Consortium awarded $5.4-million Moz irrigation contract

2nd April 2014 By: Natalie Greve - Creamer Media Contributing Editor Online

Consortium awarded $5.4-million Moz irrigation contract

Photo by: Bloomberg

The Mozambique Ministry of Agriculture has awarded a Royal HaskoningDHV-led consortium a $5.4-million irrigation services provider contract, which would see the engineering and construction group design and implement new and rehabilitated irrigation schemes as well as improve the existing irrigation infrastructure of a 3 000 ha rice irrigation project.

The World Bank-funded Sustainable Irrigation Development Project (PROIRRI), which would run for six years, sought to increase small-scale agricultural food production and raise farm productivity in central Mozambique. 

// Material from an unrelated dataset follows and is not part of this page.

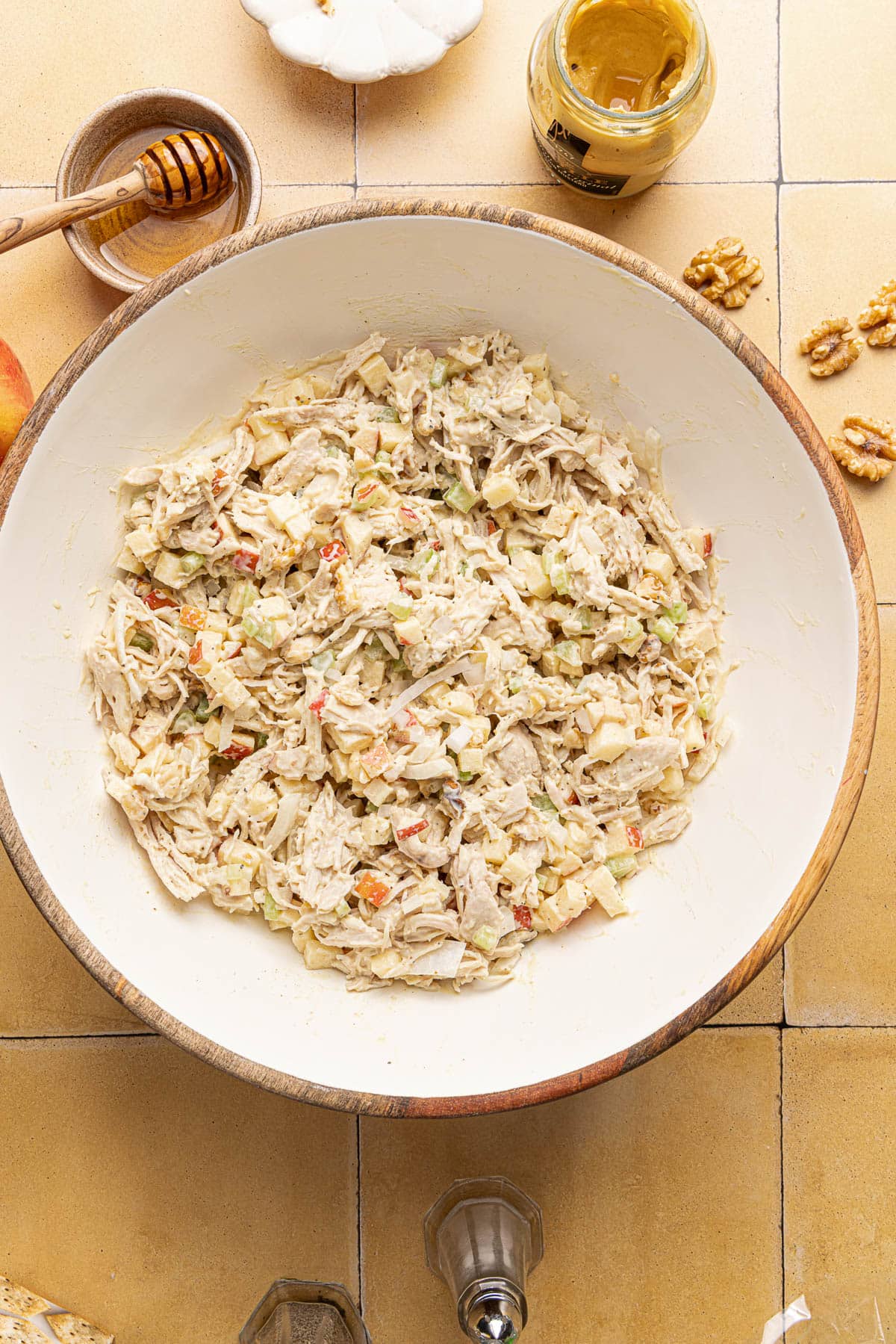 The honey mustard chicken salad in the large bowl after mixing everything together.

As a result of the project, food production would increase from a once-a-year harvest to one-and-a-half harvests a year and, by the end of the project, rice yield a hectare would increase from the current 1 t/y to 4 t/y, producing 12 000 t/y of rice overall.

PROIRRI project manager at the Ministry of Agriculture Eugénio Nhone said in a statement on Wednesday that the project aimed to promote and ensure self-employment, higher production, increased productivity and sustainability of the rice crop, while guaranteeing food security and a regular market for rice.

“Other benefits include reducing the country’s carbon footprint, improving energy efficiency, job creation and skills transfer,” he commented.

The project, which would run until 2017, would be implemented at district level and considered all aspects related to rice production, harvesting and postharvesting processing, including sale.

It was also designed to organise producers and identify markets for the sustainably produced rice, incorporating new irrigation technologies where appropriate.

“This will be done bearing in mind that the beneficiaries are small producers using manual labour, which limits the use of mechanisation. The project has many challenges, not least the long distances between centres and confirming land rights to small farmer associations, which involves establishing links with various stakeholders,” added Royal HaskoningDHV agricultural sociologist Manuel Jossefa.